The original California State Route 51 was a short-lived designation which was assigned to a former section of US Route 101 at the western outskirts of Orange.  The original California State Route 51 was defined as part of the wider 1964 State Highway Renumbering along Chapman Avenue and Main Street.  This corridor would be deleted by way of 1965 Legislative Chapter 1372 and relinquished from the State Highway System.  

Chapman Avenue and Main Street were commissioned as components of Legislative Route Number 2 following the passage of the 1909 First State Highway Bond Act.  Chapman Avenue and Main Street would become part of US Route 101 from November 1926 when the American Association of State Highway Officials commissioned the US Route System.  Mainline US Route 101 was shifted of Chapman Avenue and Main Street during 1953 when the Santa Ana Freeway reached Santa Ana.  
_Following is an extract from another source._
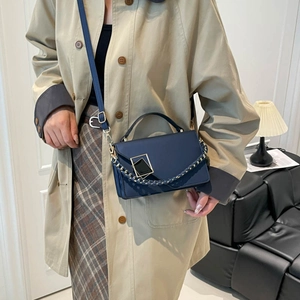 Navy blue leather crossbody square bag with gold hardware and chain handle for women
The history of the original California State Route 51

The era of State Highway Maintenance in the Orange corridor would begin with the 1909 First State Highway Bond Act which was approved by voters in 1910.  One of the highways approved through the 1909 First State Highway Bond Act was a 481.8-mile highway originating at the City Limits of San Francisco which terminated in San Diego.  This highway would ultimately come to be known in time as Legislative Route Number 2 ("LRN 2").
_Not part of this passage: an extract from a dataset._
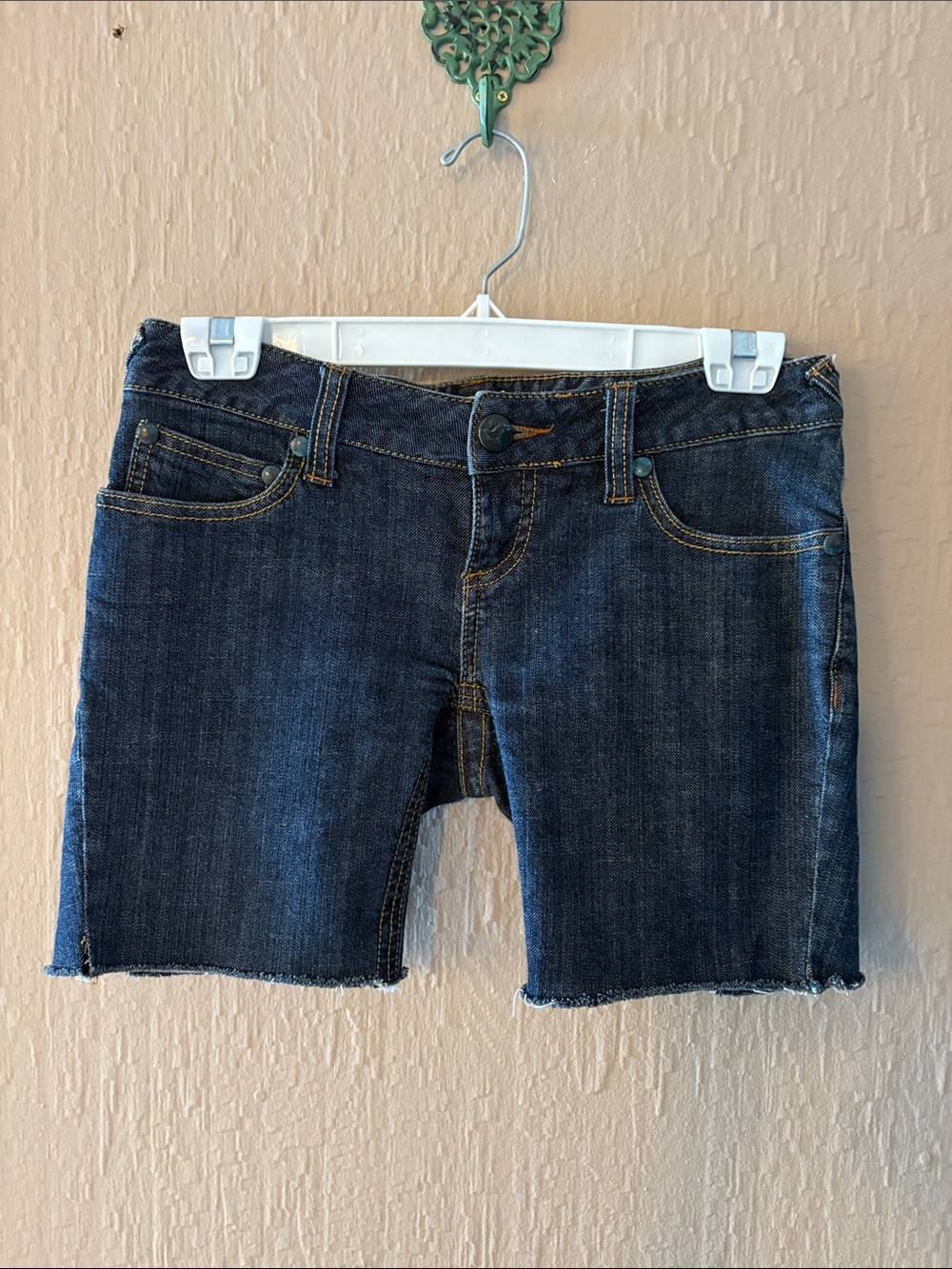 Free People Dark Blue Denim Boyfriend Bermuda Shorts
LRN 2 between Los Angeles and Orange is shown as part of the Old Spanish Trail on the 1924 Rand McNally Map of California.  


During November 1926 the US Route System was created by the American Association of State Highway Officials (AASHO and later AASHTO).  US Route 101 was applied to the existing corridor of LRN 2 between Los Angeles and Orange.  US Route 101 can be seen following LRN 2 between the Los Angeles city limit to Orange on the 1927 Rand McNally Map of California.  


LRN 174 would be defined during 1933 as a highway passing bypassing Orange.  LRN 174 was defined as "LRN 60 via Manchester Avenue to LRN 2/US Route 101 near Miraflores."  LRN 174 was part of the then unfinished Manchester Boulevard Extension.  LRN 174 can be seen for the first time on the 1934 Division of Highways Map

US Route 101/LRN 2 can be seen passing through the western outskirts of Orange along Chapman Avenue and Main Street on the 1935 United States Geological Survey Maps of Garden Grove and Orange.  


US Route 101 can be seen following LRN 2 along Chapman Avenue and Main Street at the western outskirts of Orange on the 1935 Division of Highways Map of Orange County.


The May 1937 California Highways & Public Works discusses the opening the final segment of the "Manchester Boulevard Extension" which was dedicated on April 30, 1937.  The Manchester Boulevard Extension provided a direct link between Downey and Anaheim which followed the Southern Pacific Railroad.  The Manchester Boulevard Extension bypassed downtown Anaheim and tied into existing alignment of California State Route 10/LRN 174 on southern Manchester Boulevard at Miraflores near the outskirts of Santa Ana (bypassing Orange).  The Manchester Boulevard Extension is stated to have been conceptualized during 1924 by the Greater Manchester Avenue Improvement Association.  The Manchester Boulevard Extension concept was taken over by the Division of Highways when LRN 174 was added as a State Highway circa 1933.  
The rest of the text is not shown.